The Indian rupee’s valuation against currencies of major trading partners has surged to a near two-year high on central bank intervention and elevated domestic inflation. The rupee’s 40-currency real effective exchange rate (REER) shows the rupee was overvalued by 5.7% at September-end, according to the Reserve Bank of India’s monetary policy report released Friday. This is the most over-valued the rupee has been since November 2021. The REER is computed using the nominal exchange rates adjusted for inflation.
The RBI regularly intervenes in the foreign exchange markets and stepped up intervention in September. “Market intervention is to prevent excessive volatility and to see that there is orderly appreciation or orderly depreciation,” RBI Governor Shaktikanta Das said on Friday. The rupee is currently at 83.1775, near its record low of 83.29 hit in October 2022.
“The RBI obviously is looking at a bunch of different factors (when they intervene)… to determine what is the right value of the currency. And so far, they seem to be of the view that the currency should not weaken,” Rahul Bajoria, Head of EM Asia (ex-China) economics research at Barclays Investment Bank, said. “He (Governor Das) has been one of the most interventionist if you track monthly interventions, as well as the total amount of interventions done since he started,” said Shreya Sodhani, vice president of global research at Barclays Investment Bank. Das took charge as RBI chief in December 2018.
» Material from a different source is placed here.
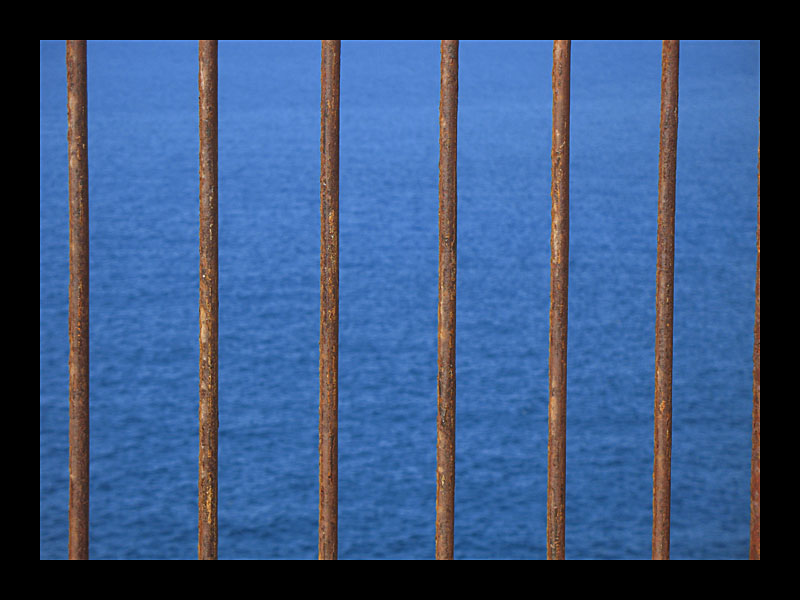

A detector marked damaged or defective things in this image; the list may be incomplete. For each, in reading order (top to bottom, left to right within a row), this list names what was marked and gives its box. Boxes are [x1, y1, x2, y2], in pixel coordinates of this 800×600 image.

The rise in inflation in September also aided the push upwards in the REER, analysts said. “The September REER data is polluted by the recent spike in inflation in India relative to the other countries,” Vivek Kumar, an economist at QuantEco Research, said. Brad Bechtel, global head of foreign exchange at Jefferies, said “a lot of the REER impact is obviously inflation”.
The RBI is unlikely to read too much into the elevated REER, economists said. “I wouldn’t say it’s like an outlandishly overvalued currency,” Barclays’ Bajoria said. “In the last few months, the REER has kind of been trending higher, but then it’s been reasonably rangebound over the last say, four or five years.”